The adtech industry talks a very good game about the importance of diversity but the issue is so endemic that its actions often don’t follow suit.
When we launched our awards scheme, NDA Heroes, our aim was to make the process as democratic as possible. With no entry fee and the final winners decided by public vote, we wanted to remove any barrier to entry. We even encouraged people to nominate themselves.
We just wanted to follow NDA’s focus on celebrating the brilliant people who make up this industry
So why did we end up with an all-male shortlist in one of its top categories, the Adtech Hero of the year?
It certainly wasn’t the fault of our amazing judges, who were judging their randomly allocated entries purely on merit, with no knowledge of the overall gender split of entrants.
The other five category shortlists were evenly split across men and women, it’s only the, arguably more prestigious category of Adtech Hero, where men turned out to be dominant. And why? Because only a small percentage of entries actually nominated a woman.

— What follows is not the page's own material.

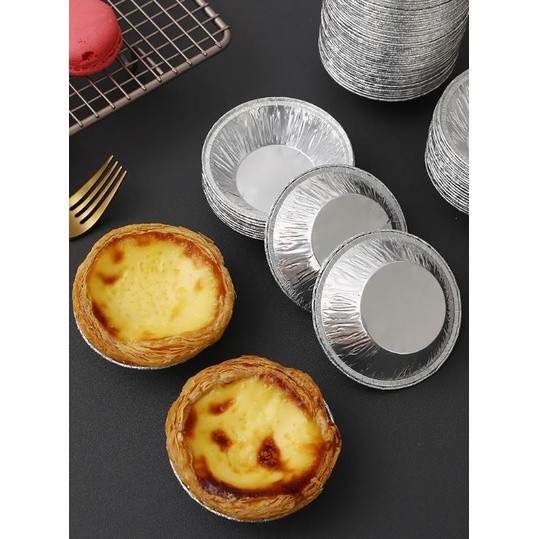 10/50pc disposable baking mold biscuit muffin tart fresh tin foil cake cup round alumin foil Portuguese egg tart(2155L) - Image 2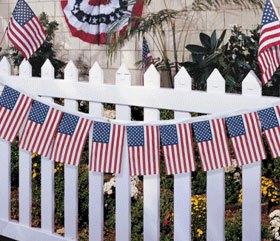 usa flag banner garland hanging patriotic party decoration outdoor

Writing about the problems of diversity in this industry as a white man is often problematic but as edior of NDA, the truth behind the rhetoric is as often startlingly clear.
Take one recent, and far from unique, example of this. When I turned down a, very good, opinion piece because we were overburdened with similar articles from men, the reaction was, “In that case, we could attribute it to the women who actually wrote it”.
The belief that it’s men who have the authority for such thought leadership, not women, is why over 80% of the opinion articles submitted to me are attributed to men.
Is it the same engrained, almost subconscious belief that led to so few women being nominated for our Adtech Hero category in our new awards?
Like the companies that submit male-authored articles, there is no doubt that the respective company or PR person submitting the nomination is fully aware of the issue of a lack of diversity and only wishes to celebrate the brilliance of the individual nominated.
But it’s just another stark reminder that the problem is far deeper rooted than a glance at the industry headlines may suggest.
So, what are we going to do about it?
Certainly not by imposing diversity quotas on entries to award categories. The whole point of judging purely on merit runs counter to this.
But if not enough women are even being put forward for nomination, we need to work even harder to play our part.
NDA already partners with the brilliant Women in Programmatic Network. We already run, in association with Amy Kean, our Practice Makes Unperfect programme to help women find and finess their public voice.
But we know we need to do more and will work with an even broader range of partner organisations to encourage more women to put themselves forward for all categories of our awards.
We thought that our measures to ensure a democratic process for all were enough but no one could be happy with an all-male shortlist, no matter how democratically decided upon.
We’ll be a proactive as we can to stop this happening again but we’d also call on the industry to be as proactive in pushing forward their incredible female talent as it is for their male colleagues.